Task data:
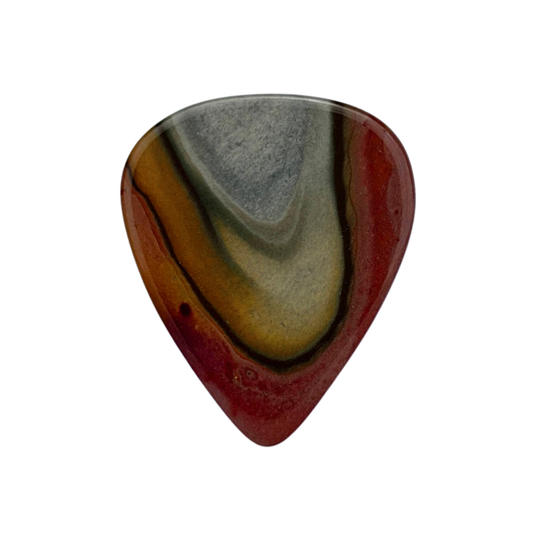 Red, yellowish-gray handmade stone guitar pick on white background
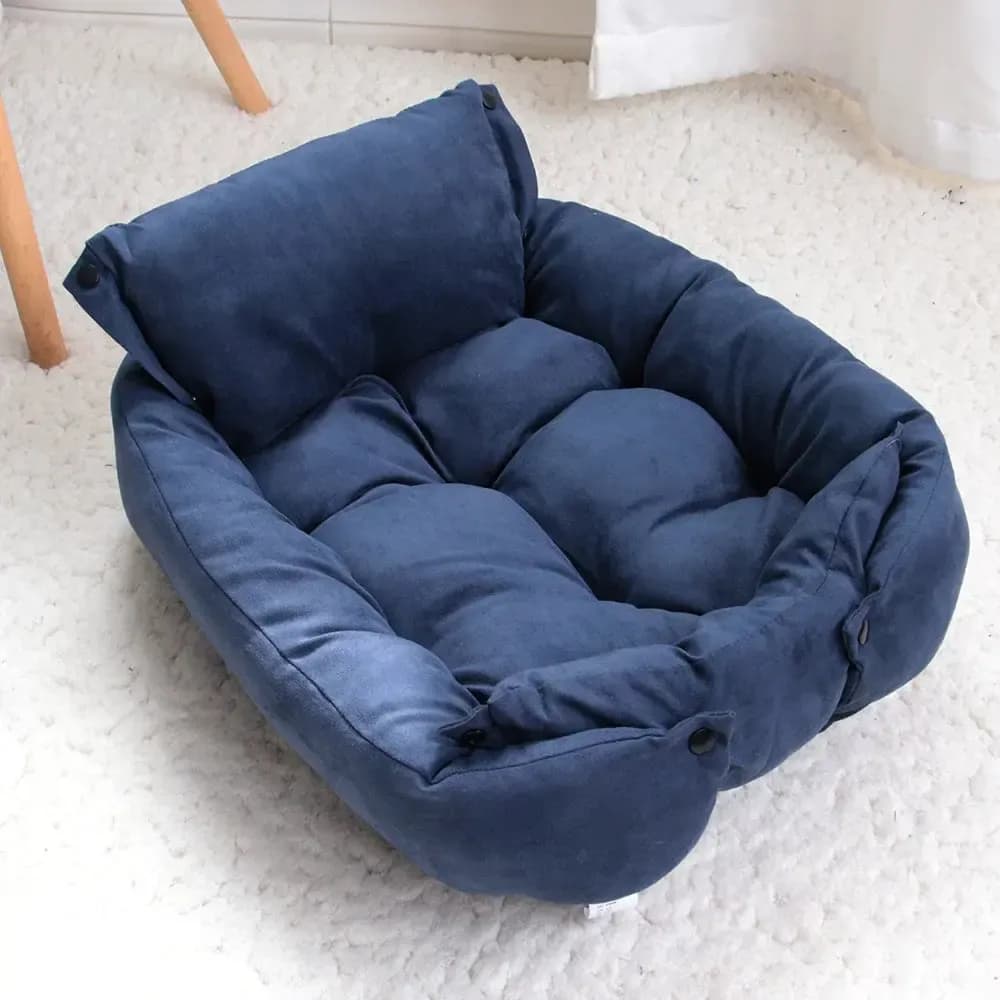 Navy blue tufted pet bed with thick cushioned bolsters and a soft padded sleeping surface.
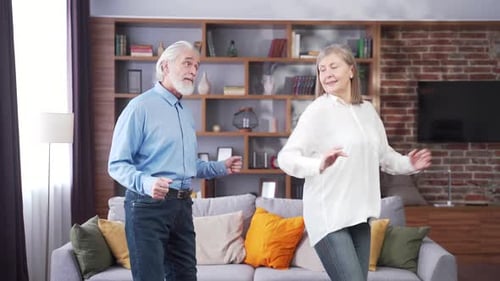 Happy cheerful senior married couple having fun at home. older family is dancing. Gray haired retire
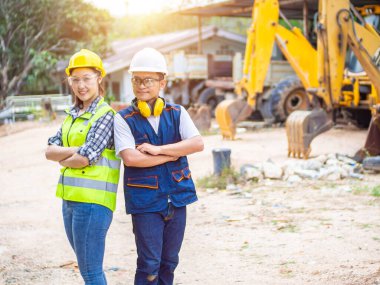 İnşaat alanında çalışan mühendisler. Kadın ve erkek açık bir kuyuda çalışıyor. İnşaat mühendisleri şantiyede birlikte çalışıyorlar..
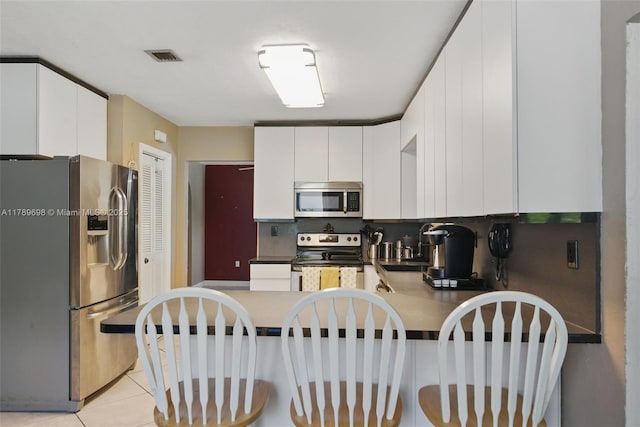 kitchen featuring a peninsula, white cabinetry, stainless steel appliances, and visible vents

==

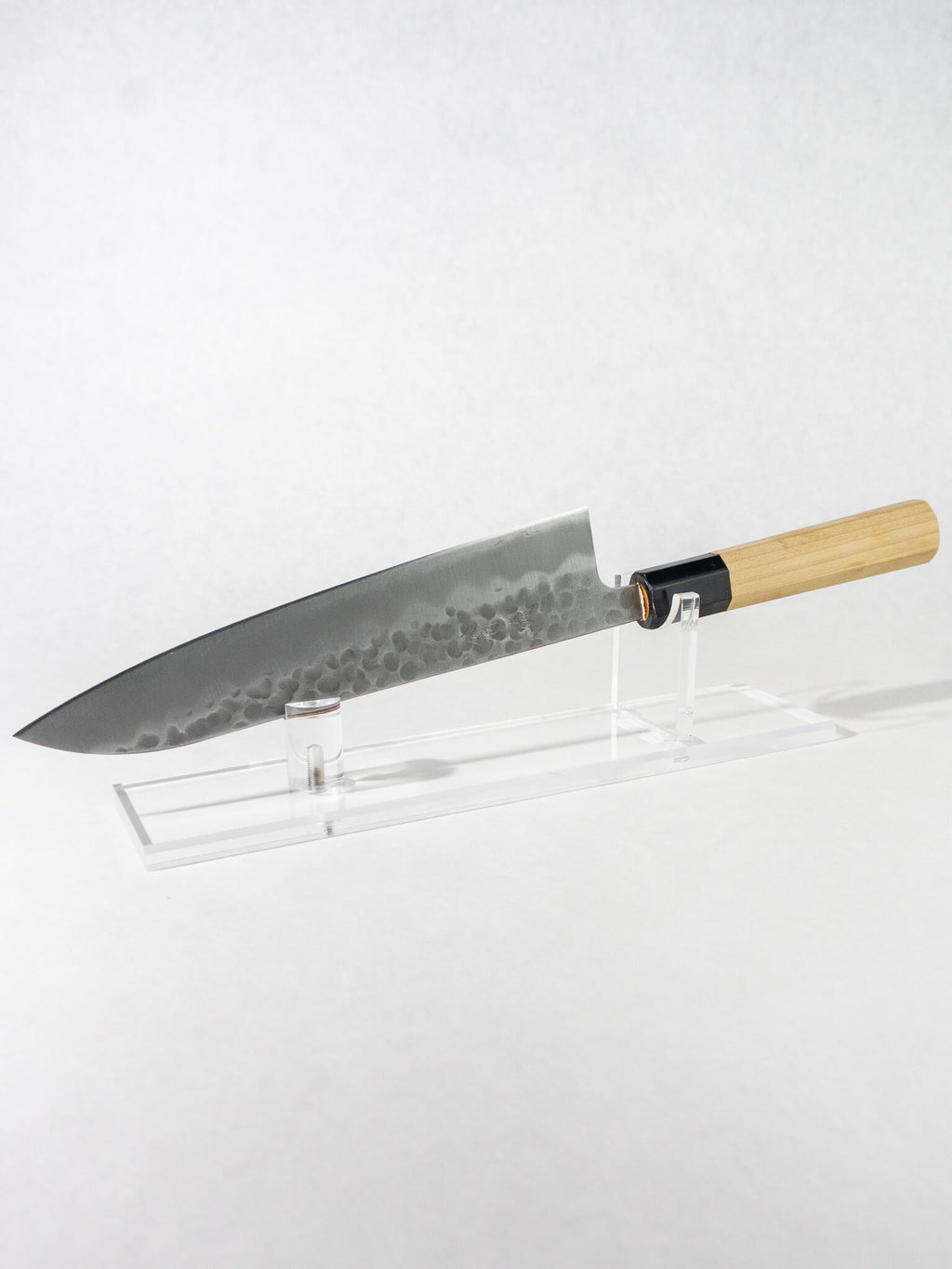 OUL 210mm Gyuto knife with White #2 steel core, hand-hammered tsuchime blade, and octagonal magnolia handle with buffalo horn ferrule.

Activity:
Look above for the line with "Red, yellowish-gray handmade"; quote it and every line after it, stopping after the line with "kitchen featuring a", exactly, with nothing added and without pictures.

Result:
 Red, yellowish-gray handmade stone guitar pick on white background
 Navy blue tufted pet bed with thick cushioned bolsters and a soft padded sleeping surface.
 Happy cheerful senior married couple having fun at home. older family is dancing. Gray haired retire
 İnşaat alanında çalışan mühendisler. Kadın ve erkek açık bir kuyuda çalışıyor. İnşaat mühendisleri şantiyede birlikte çalışıyorlar..
 kitchen featuring a peninsula, white cabinetry, stainless steel appliances, and visible vents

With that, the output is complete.